Dynamic masking is only relevant to Production databases. You must still secure the database since the sensitive data is still inside it.
Additionally, because dynamic masking is a real-time operation, it offers a small number of algorithms with limited capabilities. For example, replacing characters with stars. These algorithms cannot create realistic fake data.
Dynamic masking is a complicated and expensive solution unrelated to non-production databases, and it doesn’t eliminate the need to secure the database.
8. Discovery
Discovery usually revolves around finding sensitive data in the database. It’s a good feature to have that most products include. However, its ability to correctly identify all the data is pretty limited.
One method used by discovery is to scan the data in the database and look for data that resembles specific patterns. That has two limitations. First, the sensitive information must follow specific patterns. Salaries, for example, are just numbers that cannot be identified this way. Secondly, it has a high number of false positives.
Another method used is looking at column names. That has a high chance of missing sensitive data and could also come with many false positives.
While discovery is a nice feature, it’s not critical, and you cannot rely on it to locate your data.
9. Provisioning & Deployment
Some solutions allow you to copy data from production to non-production or between non-production systems.

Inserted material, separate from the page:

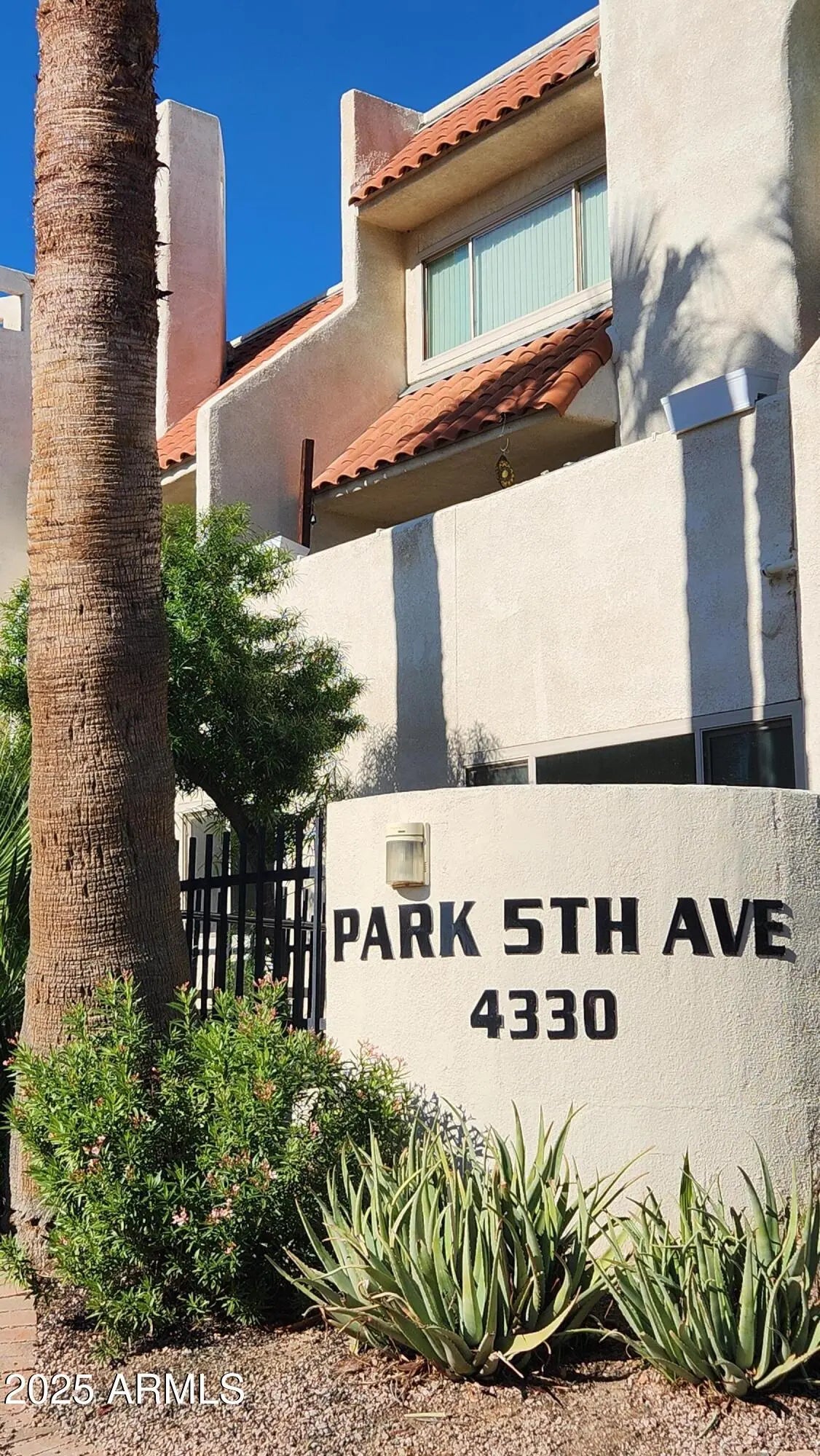 Photo of Listing #6876457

While this seems like a valuable feature, every DBA knows how to deploy a copy of a production database. DBAs have methods that are faster and well-tested, like restoring a backup or using specific database features. In our experience, DBAs do not rely on data masking features to make database copies.
Another reason why this feature is distracting is that there are solutions that specialize in a data pipeline, system provisioning, or various other types of data management. They are not security tools with a different scope and purpose than data masking.

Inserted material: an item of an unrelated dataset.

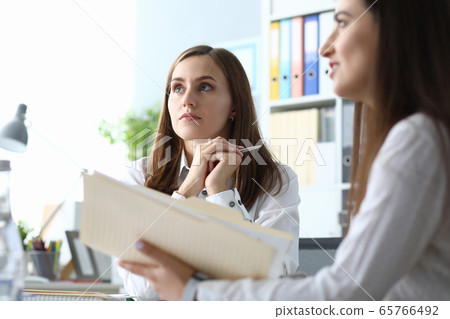 Important business meeting 65766492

In other words, copying data is related to operations, not security, and therefore, distracts from critical requirements relating to masking.
10. Compliance
Compliance sounds like the perfect feature. Wouldn’t it be wonderful if the masking solution supported your specific compliance requirement? The reality is that all data masking solutions are equally suited for compliance and solutions that claim support for one requirement or another don’t do anything different. More than that, no compliance requirement, except PCI, specifies how to mask data. Even with PCI, good practice is to mask more aggressively than the minimal masking requirement in the regulation.
In other words, compliance is a marketing pitch, not an actual feature.
Best Practices
We listed evaluation best practices for each critical feature, but the bottom line is to do a proper POC. Do the tests yourself and avoid internet reviews or rankings. Your POC should validate that the solution does what you need from beginning to end without cutting corners. Beware of vendors that try to convince you otherwise, regardless of their reputation.
You’ll need to mask complicated test cases that involve, for example, consistency across columns or retaining the statistical distribution of values like gender or state. You’ll need to validate that all the values are masked, check performance, and more. Most importantly, ensure you can use the masked data and that the end customer is happy with the data quality.
Final Thoughts
Choosing the right data masking solution is crucial to a successful masking project. One that you can use regularly and that will maintain the security and privacy of your sensitive information. Data masking will allow you to do much more with the data you already have without increasing your risk.